Until What is Left Over, After was published, I hadn’t realised it was such an either/or proposition. I hope my book has some of the qualities of good literature – but I also want people to like it, for it to be popular. I was very taken aback, for instance, at the comments of one bookshop owner who declared that the cover of my book was ‘awful’ and akin to a Mills & Boon cover. Mills & Boon are popular, and to aim for popularity by choosing a cover that was trying to attract peoples’ attention was clearly the eighth deadly sin in the eyes of this bookshop owner.
Enter my good friend and fellow author Sara Foster, whose second book, Beneath the Shadows is out this month. We discussed the issue at length and I thought I’d share with you her thoughts. Over to Sara:
The two ‘genres’ of writing I’ve heard most about over the past year are not really genres at all. Yet the literary/commercial divide is implicit in so many comments you read and hear about books, and commercial (aka genre) fiction often comes off second best. I’ve read people ‘confessing’ to reading Dan Brown, as though it is something to be ashamed of. I’ve heard books talked about as ‘good, but pure chick-lit’. And every time I come across these kinds of remarks I want to rise to the defence of commercial fiction without denigrating its literary brother. Because while they bring different things to the table, what I would call the best books in both categories have exactly the same qualities: they engage me and enthral me; they explore their worlds and inhabitants in interesting ways; and they impel me to escape from my world into theirs as often as possible.

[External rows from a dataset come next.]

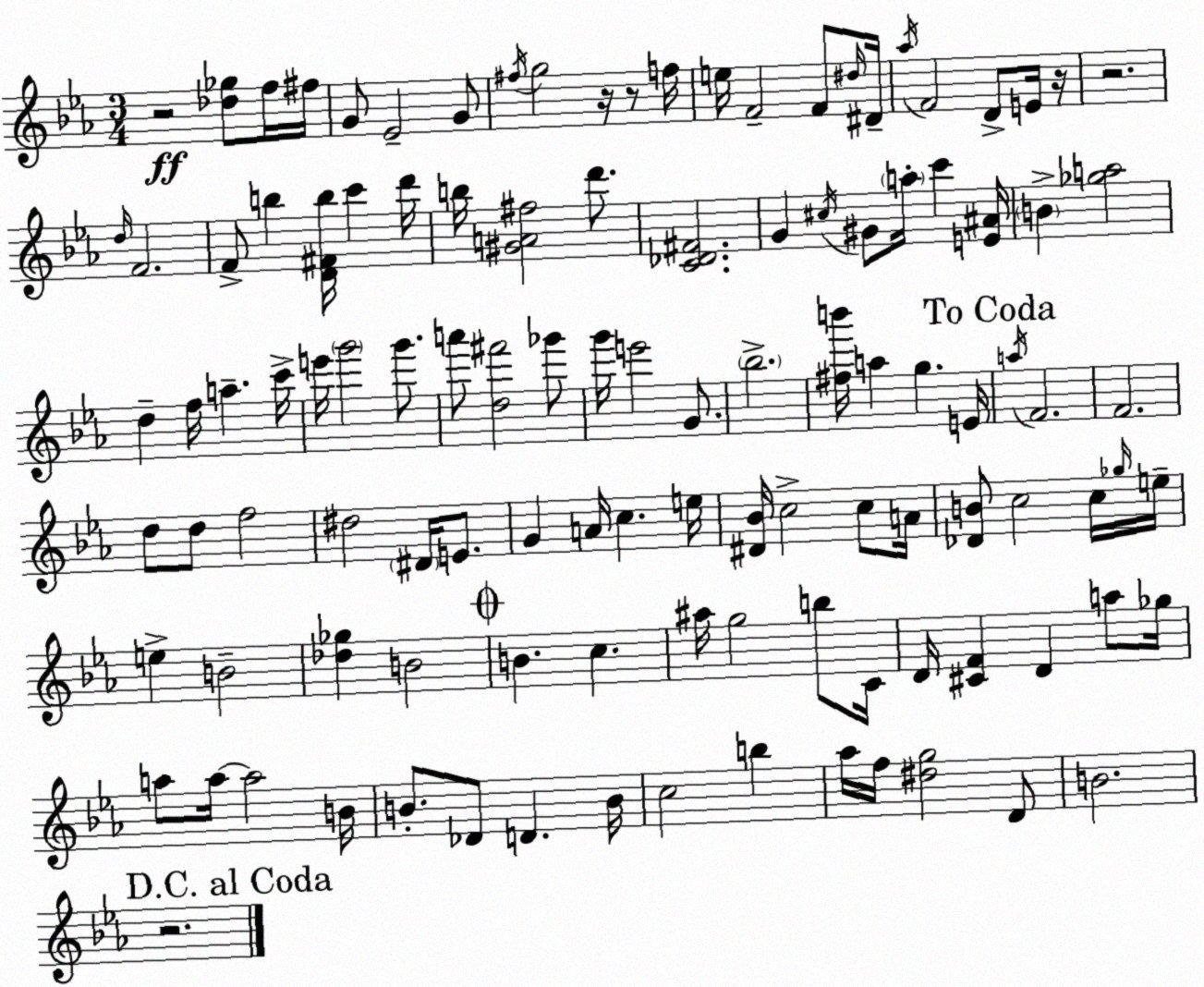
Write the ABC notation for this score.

X:1
T:Untitled
M:3/4
L:1/4
K:Cm
z2 [_d_g]/2 f/4 ^f/4 G/2 _E2 G/2 ^f/4 g2 z/4 z/2 f/4 e/4 F2 F/2 ^d/4 ^D/4 _a/4 F2 D/2 E/4 z/4 z2 d/4 F2 F/2 b [D^Fb]/4 c' d'/4 b/4 [^GA^f]2 d'/2 [C_D^F]2 G ^c/4 ^G/2 a/4 c' [E^A]/4 B [_ga]2 d f/4 a c'/4 e'/4 g'2 g'/2 a'/2 [d^f']2 _g'/2 g'/4 e'2 G/2 _b2 [^fb']/4 a g E/4 a/4 F2 F2 d/2 d/2 f2 ^d2 ^D/4 E/2 G A/4 c e/4 [^D_B]/4 c2 c/2 A/4 [_DB]/2 c2 c/4 _g/4 e/4 e B2 [_d_g] B2 B c ^a/4 g2 b/2 C/4 D/4 [^CF] D a/2 _g/4 a/2 a/4 a2 B/4 B/2 _D/2 D B/4 c2 b _a/4 f/4 [^dg]2 D/2 B2 z2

One of my favourite things about being a book editor was working on books I would never otherwise have picked out of a line-up, and finding that I often loved them. Until we pick up a book it is an uncharted landscape, full of promise, inviting us to venture in. And our choices, our reactions, our judgements, might depend on a whole host of things from our fundamental beliefs to how tired we are that day. But it’s so sad when the freedom of reading appears to be subverted by an unnecessary battle for supremacy.
In my house there are numerous shelves full of books that I can’t imagine parting with. Bridget Jones sits close to Jane Eyre. Beloved and The Stone Diaries lean on a recent Philippa Gregory and my favourite Jenny Colgan. Nicci French is sandwiched by TS Eliot and Virginia Woolf. And this is exactly how I like it. Because when I find a book that reaches out and connects with some kind of truth, or need, or excitement, or intrigue within me, I’m not worried about its literary or commercial pedigree. I’m just happy to have found another friend for life.

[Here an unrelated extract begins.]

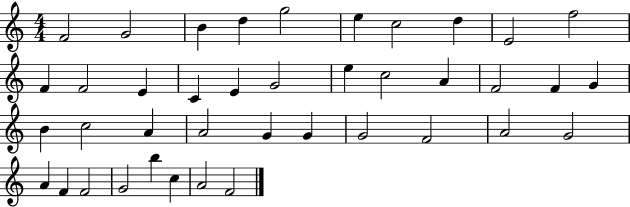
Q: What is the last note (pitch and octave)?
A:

What do you think? Do you avoid reading anything classed as literary fiction for fear of being bored by stylish sentences disguising the absence of a plot? Or do you avoid anything that’s too popular in case that means it requires you to remove part of your brain prior to reading? Do books sometimes subvert your expectations? And most importantly, do you think my book cover looks like a Mills & Boon!